The Book, Cat, & Cat Book Lovers Almanac

of historical trivia regarding books, cats, and other animals. Actually this blog has evolved so that it is described better as a blog about cats in history and culture. And we take as a theme the advice of Aldous Huxley: If you want to be a writer, get some cats. Don't forget to see the archived articles linked at the bottom of the page.

November 5, 2012

November 5, 2008

John Leonard (February 25, 1939 to November 5, 2008) was an American writer, a  critic,whose focus included various cultural manifestations. He became executive editor of the Times Book Review in 1971.
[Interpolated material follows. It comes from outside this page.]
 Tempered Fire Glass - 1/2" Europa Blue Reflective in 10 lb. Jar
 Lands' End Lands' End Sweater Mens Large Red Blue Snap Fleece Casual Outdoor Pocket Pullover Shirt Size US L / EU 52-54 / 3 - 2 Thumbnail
Reading for My Life: Writings, 1958-2008 (2012) is a posthumous collection, and here we read about the  novel, A flag for sunrise by Robert Stone (1992). John Leonard writes--

The heresy here is Gnostic and Manichean. There is a "divine spark" and a "library in a jar". Culture and love are both secret. The demiurge is a tourist. ... In the absence of evil --to an anthropologist nothing is evil, including himself, we have history: snakes, feathers, lizards, jewels, a fanged cat, a wooden cross, a unicorn, and death without mercy.
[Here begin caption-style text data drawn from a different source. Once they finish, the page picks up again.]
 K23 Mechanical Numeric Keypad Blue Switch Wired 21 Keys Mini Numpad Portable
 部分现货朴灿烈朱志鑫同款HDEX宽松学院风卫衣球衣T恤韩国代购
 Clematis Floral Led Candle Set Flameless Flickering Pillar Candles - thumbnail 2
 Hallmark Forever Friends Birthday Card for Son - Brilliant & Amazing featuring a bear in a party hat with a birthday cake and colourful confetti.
Mr. Stone kicks the brain around; we live in heresy; Satan prevails;
A Flag for Sunrise is the best novel of ideas I've read since Dostoevsky escaped from Omsk.

John Leonard also wrote:

In the cellars of the night, when the mind starts moving around old trunks of bad times, the pain of this and the shame of that, the memory of a small boldness is a hand to hold.